Monday, April 2, 2012

Modern photographers

We are all photographers. It used to be, if you wanted to be a photographer, you had to have a camera and some film. But as a mark of total cultural upheaval, Kodak doesn't manufacture Kodachrome anymore. You can still pick up rolls of Tri-X, the quintessential black-and-white film that all hobbyists used to start out with (and photojournalists would swear by, although I gather that now professionals have gone on to T-MAX). Instead of film today we use digital media, and we've traded in our cameras for telephones. But there is a boon in digital photography with all those non-cameras available in half the devices we all own. We now take more pictures than we ever have before. And there are so many digital photography apps that it's impossible to keep track.

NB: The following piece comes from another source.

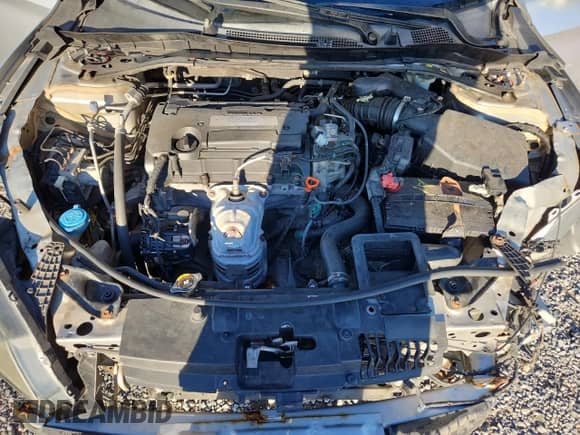 2015 Honda Accord EX-L с VIN 1HGCR2F83FA042419, выставлен на аукционе Copart как лот 81637015 с пробегом 275 364 миль миль и Списание • Salvage title. История ставок и продаж доступна на DreamBid. Изображение 11.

In other words, photography is dead, and it is thriving. It depends on how you define photography.

So what does this mean to artists who use photography as a medium? Complex posts a survey of The 25 Photographers You Should Know by Elisa Carmichael that is a great starting point for figuring out the state of the art. Check out the specs on the pictures. For the most part, even if the images were captured digitally, a lot of hand-crafting went into their printing. In other words, while looking at them on the computer gives you a sense, is it only a sense, much like looking at a painting on the computer. Seeing that Monet slapped down some green paint to capture those water lilies in the pond next to his house is not the same as being surrounded by these paintings on the wall. I think we shortchange photography a lot, especially now that its digital nature makes it seem so fungible.

In any case, since you're probably taking a lot of pictures yourself, it's nice to see that the pros are up to.